Buch: The Divine Initiative

Titel: The Divine Initiative

Stichwort: Theorem der göttlichen Transzendenz; Notwendigkeit: absolut, hypothetisch; Thomas, Aristoteles: Kontingenz - Vorsehung; transzendente Wirkursache

Kurzinhalt: ... possible to show that God's effects need not occur with more than hypothetical necessity; because God is universal cause, His providence must be certain; but because He is a transcendent cause, ...

Textausschnitt: 1.2.2 The Theorem of Divine Transcendence

22/8 To say that God acts transcendently is not somehow to water down the efficacy of divine causality or to beg the question about the relation of divine concourse to human freedom, but rather to affirm that the necessity implied by that efficacy must be compatible with the occurrence of contingent effects (GO:332). Lonergan shows that this is not a nonsensical requirement by drawing a distinction between absolute and hypothetical necessity.1 (259; Fs)

23/8 Absolute necessity 'is affirmed unconditionally,' as exemplified in statements such as 'It is necessary that God exists' and 'It is necessary that twice two is four.' No 'ifs' are posited: the truth of these propositions holds under any and all conditions. But hypothetical necessity 'is affirmed conditionally in such a way that the consequent is included in the antecedent' (DES:120). Lonergan gives two examples: 'It is necessary that Socrates is sitting if he is sitting,' and 'It is necessary that I am choosing this if I am choosing this.' Does this kind of necessity mean that Socrates could not have avoided sitting or that my choosing was necessitated? No; it means that if Socrates is sitting, then ipso facto he is necessarily sitting and not standing or running, and that if I am making this choice, then ipso facto I am necessarily making this one and not some other. Hypothetical necessity follows simply from the application of the principle of non-contradiction to any given situation: 'If A, then A: granted the protasis, the apodosis follows necessarily' (GF: 104-105; cf. DSAVD:20). In this minimal sense, everything whatsoever that exists or occurs is necessary. The examples, which could be multiplied indefinitely, amply illustrate the compatibility of contingence and hypothetical necessity: both Socrates's sitting and my choosing are contingent events, since they need not have occurred; yet insofar as each is actually occurring, its occurrence is necessary. (259; Fs) (notabene)

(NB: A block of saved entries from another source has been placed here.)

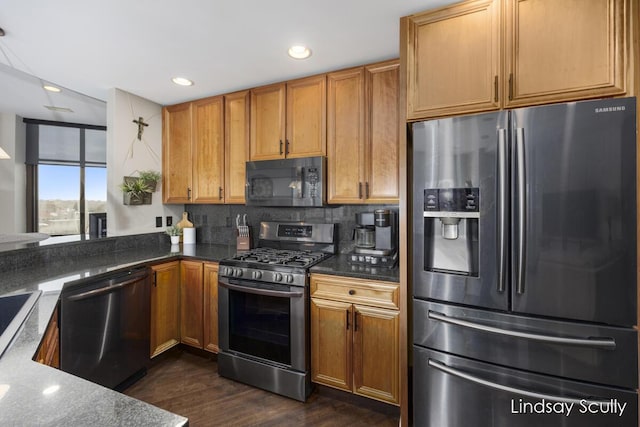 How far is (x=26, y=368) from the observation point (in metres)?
0.81

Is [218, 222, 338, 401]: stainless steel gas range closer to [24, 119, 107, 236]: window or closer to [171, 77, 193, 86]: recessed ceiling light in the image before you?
[171, 77, 193, 86]: recessed ceiling light

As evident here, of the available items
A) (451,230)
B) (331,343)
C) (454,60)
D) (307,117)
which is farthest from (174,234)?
(454,60)

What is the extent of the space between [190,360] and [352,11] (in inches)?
114

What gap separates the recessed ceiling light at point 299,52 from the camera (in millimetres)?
1975

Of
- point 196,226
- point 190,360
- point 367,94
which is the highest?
point 367,94

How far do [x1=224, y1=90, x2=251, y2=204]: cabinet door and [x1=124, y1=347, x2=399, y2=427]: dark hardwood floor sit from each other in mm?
1498

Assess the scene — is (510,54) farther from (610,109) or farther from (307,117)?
(307,117)

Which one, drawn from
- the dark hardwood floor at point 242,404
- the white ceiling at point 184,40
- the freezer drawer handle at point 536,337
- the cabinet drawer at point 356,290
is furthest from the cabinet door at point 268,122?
the dark hardwood floor at point 242,404

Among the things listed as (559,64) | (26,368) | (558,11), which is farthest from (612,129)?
(26,368)

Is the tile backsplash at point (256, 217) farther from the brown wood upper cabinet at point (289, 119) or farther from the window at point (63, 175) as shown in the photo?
the window at point (63, 175)

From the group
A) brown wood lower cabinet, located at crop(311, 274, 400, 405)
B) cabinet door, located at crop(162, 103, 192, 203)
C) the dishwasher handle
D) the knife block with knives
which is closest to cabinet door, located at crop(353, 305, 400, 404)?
brown wood lower cabinet, located at crop(311, 274, 400, 405)

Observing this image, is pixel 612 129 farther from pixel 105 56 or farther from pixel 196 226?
pixel 196 226

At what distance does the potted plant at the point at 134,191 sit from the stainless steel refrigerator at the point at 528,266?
255 cm

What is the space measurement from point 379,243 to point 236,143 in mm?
1602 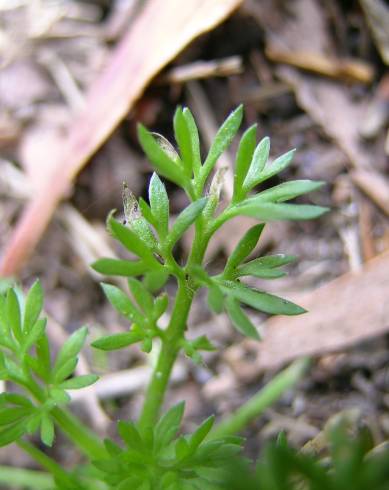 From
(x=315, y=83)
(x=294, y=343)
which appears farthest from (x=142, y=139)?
(x=315, y=83)

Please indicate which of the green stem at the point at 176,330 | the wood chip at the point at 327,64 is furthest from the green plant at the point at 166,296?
the wood chip at the point at 327,64

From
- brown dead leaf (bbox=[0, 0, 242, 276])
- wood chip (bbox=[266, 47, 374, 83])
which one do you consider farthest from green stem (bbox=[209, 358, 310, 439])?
wood chip (bbox=[266, 47, 374, 83])

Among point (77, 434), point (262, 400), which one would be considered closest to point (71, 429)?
point (77, 434)

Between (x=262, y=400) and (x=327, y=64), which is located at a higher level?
(x=327, y=64)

24/8 If divine efficacy is transcendent, therefore, it must be possible to show that God's effects need not occur with more than hypothetical necessity, thereby preserving the possibility of contingence. Lonergan sets out to provide the needed demonstration by scrutinizing the proposition, 'If God either knows or wills or causes this thing to exist (or this event to occur), then this thing necessarily exists (or this event necessarily occurs)' (cf. DES:120). The proposition expresses the fact of divine efficacy; but is it also of the form, 'If A, then A'? If so, then from the mere knowledge that God knows, wills, or causes something to exist or occur, one can infer no more than that the thing exists or occurs with hypothetical necessity; only further knowledge of the particular effect can reveal whether or not its existence or occurrence was also the result of some metaphysical, physical, or moral necessity. (259; Fs) (notabene)
25/8 To reach this conclusion, Lonergan has to demonstrate that the antecedent proposition, 'If God either knows or wills or causes this thing to exist (or this event to occur),' contains or includes the consequent proposition, 'This thing exists (or this event occurs).' He does this by proving that 'whatever is predicated of God externally [ad extra] is predicated by extrinsic denomination,' that is, by reason of some entity extrinsic to God: (260; Fs)

For nothing in God is contingent; but any creature is able not to exist; therefore it can be willed by God to not exist; therefore it can be known by God as not actually existing. Now this kind of knowing and willing, which is able not to be, which is contingent, cannot be something entitative in God himself, in whom there is no contingent reality. None the less, this knowing and this willing are truly affirmed of God, for God truly knows creatures as actual and truly wills them. What is predicated [contingently and] truly of God and yet is not predicated on account of an entity received contingently in God himself, is predicated by extrinsic denomination.

26/8 If God knows, wills, or causes some effect actually to exist or occur, then the effect actually occurs; if God does not so know, will, or cause, then the effect does not occur. But as Lonergan puts it in Insight, 'God is intrinsically the same whether or not he understands, affirms, wills, causes this or that universe to be' (I:661 [CWL 3:684]). Hence the only difference between, on the one hand, God's knowing, willing, or causing a particular world-order as actual, and, on the other, God's knowing the same world-order as merely possible, is the existence or non-existence of that world-order itself: (260; Fs) (notabene)
Kommentar eg (09/10/2004): Gute Antwort auf die Möglichkeit anderer Welten!
[T]here can be no predication by extrinsic denomination without the actuality of the extrinsic denominator: else the adaequatio veri-tatis [the correspondence of truth between the proposition and reality] is not satisfied. Accordingly, to assert that God knows this creature or event, that He wills it, that He effects it, is also ipso facto to assert that the creature or event actually is.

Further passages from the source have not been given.